Die Autobahnraststätte Würenlos A1
Dieser Beitrag wurde im Kontext des Fokusthemas 2023 "Stadt-Land-Fluss" erarbeitet. Eine Brücke mehr im Kanton Aargau, nur dieses Mal nicht über einen (Wasser) Fluss, sondern über einen Verkehrsfluss.
Der Beginn der Autobahngeschichte...
11. Juni 1955: Zwischen der Stadt Luzern und Ennethorw wird das erste Autobahn-Teilstück der Schweiz eröffnet. Ca. 4 km lang, 4-spurig, mit Veloverkehr, ohne Geschwindigkeitsbegrenzung, aber mit einem Fussgängerstreifen versehen – für die damals ca. 150'000 motorisierten Verkehrsteilnehmer ein Ereignis. Heute befahren über 6'400'000 Fahrzeuge die Schweizer Strassen und jenes Teilstück Autobahn alleine würde längst nicht mehr ausreichen. Es war aber bereits 1955 klar, dass es mehr Autobahn-Strecken geben musste.
Mit der Verabschiedung des Nationalstrassengesetzes 1960 erhielt der Bund die Verantwortung für den Bau der Autobahnen. In den 1960er Jahren wurden verschiedene Teilstücke gebaut darunter auch die A1, die Verbindung zwischen dem Genfer- und dem Bodensee.

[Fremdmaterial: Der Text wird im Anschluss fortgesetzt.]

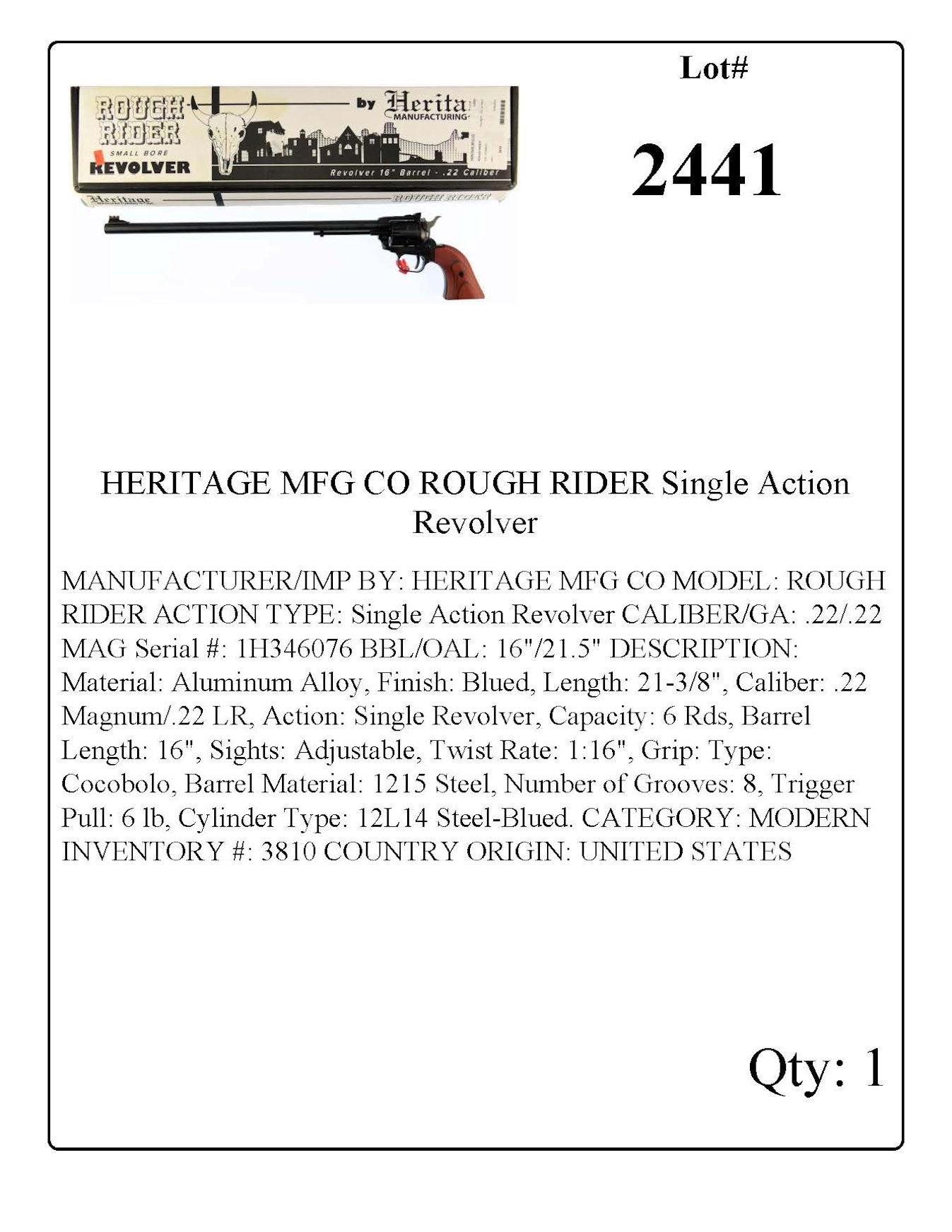 HERITAGE MFG CO ROUGH RIDER Single Action Revolver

Ängste vor der Zerstörung der Landschaft kamen aber damals schon auf. Bei der Eröffnung des Abschnittes Grauholz betonte der damalige Bundesrat Tschudi deshalb: "Es handelt sich um ein hervorragendes Werk der modernen Technik. Die Autobahn fügt sich ausgezeichnet in diese schöne bernische Landschaften ein. Das Werk des Menschen beeinträchtigt das Bild der Heimat nicht".
...und der Geschichte der Nebenbetriebe
Im Mai 1967 konnte das Autobahnteilstück zwischen Bern und Lenzburg eingeweiht werden. Mit dem Ausbau des Autobahnnetzes entstand auch ein Konzept der "Autobahnnebenbetriebe".

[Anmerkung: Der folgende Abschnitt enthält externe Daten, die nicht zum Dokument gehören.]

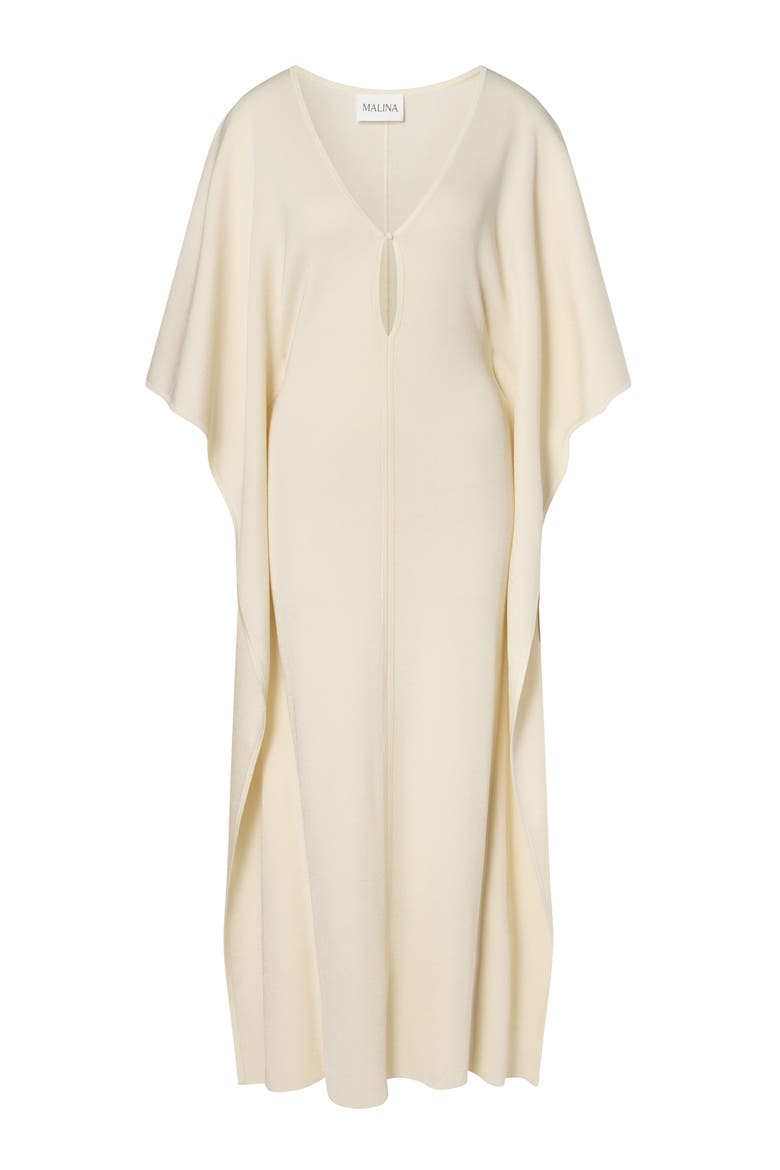 Janna Knitted V-neck Maxi Kaftan, Alternate, color, Pearl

Am 27. Juli 1967 wurde in Kölliken, nebst einer Tag und Nacht bedienten Tankstelle, die erste Raststätte in einem ausrangierten Speisewagen der SBB eröffnet. Dabei wurde aber auch noch darüber diskutiert, ob es das überhaupt brauche.
Aber schon 1968 musste sich der Regierungsrat des Kantons Aargau zwischen acht Bewerbern für eine Tankstelle mit Nebenanlagen entscheiden. Von einseitigen Anlagen über beidseitige mit Überbrückung bis zu beidseitigen mit Sattelbau gingen ganz unterschiedliche Projektvorschläge ein.
Gulf Oil und Mövenpick überzeugten die Verantwortlichen mit einem Konzept, das an sieben Tagen pro Woche Einkaufserlebnisse und Tankmöglichkeiten bieten konnte. Dem Gast sollte auf den 140m Länge alles geboten werden, was möglich war: sechs Restaurants im Obergeschoss und rund zwanzig Läden im Untergeschoss. Sogar ein Kinderparadies mit einer Spanisch-Brötlibahn war geplant.
Die Idee war, dem "in- und ausländischen Autobahnbenutzer Dienstleistungen und Annehmlichkeiten anzubieten, die auf ihn zugeschnitten sind". Und das möglichst mit einer Anspielung auf Lokales wie z. B. den "Habsburg-Grill" und die "Landbeiz".
Mit dem angebotenen Unterhaltungsangebot von Jazz bis Ländler entstand für die Besucher auch eine Art Dorfatmosphäre mit lokalem Charakter.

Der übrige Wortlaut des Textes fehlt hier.